Zbigniew Ziobro dzwonił już do Jarosława Kaczyńskiego i próbował załagodzić spór?

– Nic mi o takiej rozmowie obu panów nie wiadomo.

– Do kogo z koalicjantów macie większe pretensje i kto bardziej jest dziś na wylocie? Solidarna Polska czy Porozumienie? Czy obie partie podpadły w równym stopniu i dla nikogo litości nie będzie?

– Nie jest to kwestia tego, czy ktoś podpadł, nie jest to kwestia litości. Po prostu, jeśli w polityce chce się wspólnie działać, to pewna zgoda na największym poziomie ogólności, również w kwestiach aksjologicznych czy moralnych, musi istnieć. Ale podkreślmy, że kwestia rozejścia się naszych dróg nie wynika z głosowania nad ustawą o ochronie zwierząt. Nie wynika też, jak próbują twierdzić koledzy z Solidarnej Polski, z zapisów ustawy covidowej. To był może tylko katalizator.

– I chyba test wierności, który koalicjanci oblali.

– To nie żaden test. To był jeden z tematów, który jest w programie PiS od zawsze i nie było to dla nikogo żadnym zaskoczeniem. Niezrozumiała jest sytuacja, gdy któryś z partnerów koalicyjnych de facto chce prawa negocjacji każdego projektu na nowo – nie tak działają koalicje. Nie da się ukryć, że sytuacja narastała od jakiegoś czasu, ta kwestia tylko pokazała, że mamy chyba pewien rozłam na poziomie moralności. A to zdecydowanie utrudnia funkcjonowanie koalicji.

– A więc to kwestie moralne, a nie kwestia posłuchu, zdecydowały o tej kłótni? Ciekawe.

– To dla nas niezwykle ważne kwestie, których nie zamierzamy negocjować.

– Wy tu o kwestiach moralnych.

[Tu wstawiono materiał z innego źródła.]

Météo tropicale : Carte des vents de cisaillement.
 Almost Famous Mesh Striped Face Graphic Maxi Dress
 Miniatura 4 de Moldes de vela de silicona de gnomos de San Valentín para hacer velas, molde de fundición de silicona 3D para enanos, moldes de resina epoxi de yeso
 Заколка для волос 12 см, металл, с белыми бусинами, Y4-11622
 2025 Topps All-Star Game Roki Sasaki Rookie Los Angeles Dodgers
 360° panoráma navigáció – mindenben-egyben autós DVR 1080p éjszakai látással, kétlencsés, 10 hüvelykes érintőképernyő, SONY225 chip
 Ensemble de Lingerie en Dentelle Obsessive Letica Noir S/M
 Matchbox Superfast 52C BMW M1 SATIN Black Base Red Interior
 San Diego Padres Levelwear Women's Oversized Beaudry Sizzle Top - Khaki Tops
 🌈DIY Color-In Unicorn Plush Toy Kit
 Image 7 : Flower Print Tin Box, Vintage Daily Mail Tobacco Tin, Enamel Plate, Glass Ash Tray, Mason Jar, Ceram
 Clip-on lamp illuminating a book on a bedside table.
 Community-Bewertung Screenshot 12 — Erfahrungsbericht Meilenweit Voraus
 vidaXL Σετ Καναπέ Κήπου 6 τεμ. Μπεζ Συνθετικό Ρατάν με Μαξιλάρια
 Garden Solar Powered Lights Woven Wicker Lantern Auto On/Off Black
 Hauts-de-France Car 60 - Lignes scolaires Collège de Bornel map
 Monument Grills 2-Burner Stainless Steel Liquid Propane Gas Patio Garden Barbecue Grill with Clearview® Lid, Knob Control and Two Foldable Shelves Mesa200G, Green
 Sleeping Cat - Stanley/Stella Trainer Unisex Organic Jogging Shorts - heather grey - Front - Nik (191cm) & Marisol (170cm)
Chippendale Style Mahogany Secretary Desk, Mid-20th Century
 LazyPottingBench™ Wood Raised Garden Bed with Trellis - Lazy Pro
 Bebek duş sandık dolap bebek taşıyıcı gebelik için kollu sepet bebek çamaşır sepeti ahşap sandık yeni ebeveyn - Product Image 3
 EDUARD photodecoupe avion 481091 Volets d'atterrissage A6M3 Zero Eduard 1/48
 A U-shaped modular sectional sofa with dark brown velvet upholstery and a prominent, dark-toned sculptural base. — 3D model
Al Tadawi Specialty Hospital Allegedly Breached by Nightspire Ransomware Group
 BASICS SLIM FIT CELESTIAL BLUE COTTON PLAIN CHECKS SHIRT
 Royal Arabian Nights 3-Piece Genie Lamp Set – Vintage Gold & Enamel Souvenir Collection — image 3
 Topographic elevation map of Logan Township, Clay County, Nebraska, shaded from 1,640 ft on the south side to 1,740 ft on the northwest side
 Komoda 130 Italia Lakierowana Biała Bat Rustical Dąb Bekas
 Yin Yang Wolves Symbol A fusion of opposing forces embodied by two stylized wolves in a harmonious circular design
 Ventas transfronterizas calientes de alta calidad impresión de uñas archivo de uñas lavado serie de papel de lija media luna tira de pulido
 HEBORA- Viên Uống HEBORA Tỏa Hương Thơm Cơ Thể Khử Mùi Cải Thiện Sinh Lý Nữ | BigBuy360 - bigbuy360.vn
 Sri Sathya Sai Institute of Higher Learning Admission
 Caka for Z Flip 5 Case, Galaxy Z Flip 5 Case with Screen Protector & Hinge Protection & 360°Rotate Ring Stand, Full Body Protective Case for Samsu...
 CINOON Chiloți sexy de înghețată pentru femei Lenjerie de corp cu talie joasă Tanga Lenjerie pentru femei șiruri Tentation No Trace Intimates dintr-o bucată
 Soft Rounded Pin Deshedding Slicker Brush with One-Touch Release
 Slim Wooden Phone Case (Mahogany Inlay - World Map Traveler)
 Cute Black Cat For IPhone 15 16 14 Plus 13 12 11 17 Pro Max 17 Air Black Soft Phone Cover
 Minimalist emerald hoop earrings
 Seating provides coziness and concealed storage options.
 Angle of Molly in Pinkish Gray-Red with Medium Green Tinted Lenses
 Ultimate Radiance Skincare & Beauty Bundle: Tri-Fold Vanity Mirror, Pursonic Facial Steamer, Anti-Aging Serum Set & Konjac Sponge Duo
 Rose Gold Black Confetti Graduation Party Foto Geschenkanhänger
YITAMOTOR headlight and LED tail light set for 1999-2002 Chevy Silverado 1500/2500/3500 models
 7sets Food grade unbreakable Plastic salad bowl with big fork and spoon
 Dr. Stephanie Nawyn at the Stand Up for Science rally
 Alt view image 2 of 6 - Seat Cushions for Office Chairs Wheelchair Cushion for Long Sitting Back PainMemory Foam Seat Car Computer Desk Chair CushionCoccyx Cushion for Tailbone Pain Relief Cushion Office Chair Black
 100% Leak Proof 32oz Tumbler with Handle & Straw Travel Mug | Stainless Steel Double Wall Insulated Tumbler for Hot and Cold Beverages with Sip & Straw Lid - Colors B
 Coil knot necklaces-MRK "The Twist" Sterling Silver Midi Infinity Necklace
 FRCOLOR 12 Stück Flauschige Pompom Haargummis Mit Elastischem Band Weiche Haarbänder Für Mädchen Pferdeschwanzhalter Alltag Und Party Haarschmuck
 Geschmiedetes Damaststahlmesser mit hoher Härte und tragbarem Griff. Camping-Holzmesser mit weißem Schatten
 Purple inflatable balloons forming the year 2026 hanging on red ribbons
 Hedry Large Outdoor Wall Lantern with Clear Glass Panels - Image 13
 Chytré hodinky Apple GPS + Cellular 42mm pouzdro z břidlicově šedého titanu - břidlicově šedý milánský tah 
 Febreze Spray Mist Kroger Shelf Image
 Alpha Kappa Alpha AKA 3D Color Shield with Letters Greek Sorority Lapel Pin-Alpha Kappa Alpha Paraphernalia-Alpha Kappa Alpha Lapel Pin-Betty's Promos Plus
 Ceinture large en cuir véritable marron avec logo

Koalicjanci chyba też. Solidarna Polska szantażowała was wczoraj na konferencji prasowej, że jak zdymisjonujecie Zbigniewa Ziobrę, to jest to działanie na rzecz PO i, uwaga, środowisk LGBT. Co wy na takie dictum?

– Są w Polsce rzeczy dużo ważniejsze niż to, kto personalnie pełni funkcję ministra sprawiedliwości. Chciałbym, żeby koledzy z Solidarnej Polski o tym pamiętali. Inna sprawa, że opowieści polityków Solidarnej Polski o prezentach dla PO to jakieś kuriozum w sytuacji, kiedy środowisko pana Ziobry bardzo łatwo przeszło na pozycje naszych politycznych oponentów i atakuje nas dokładnie w ten sam sposób.

– Powiedzmy, że koalicjanci postanowią się ukorzyć, ale pewnie i tak zechcecie ich ukarać. W jaki sposób? Zabierzecie im stanowiska w instytucjach państwa czy wpływ na obsadzanie stanowisk w spółkach Skarbu Państwa?

– Powtórzę tylko jedno: wszystkie decyzje co do dalszych losów i formuły koalicyjnej będzie podejmować kierownictwo partii.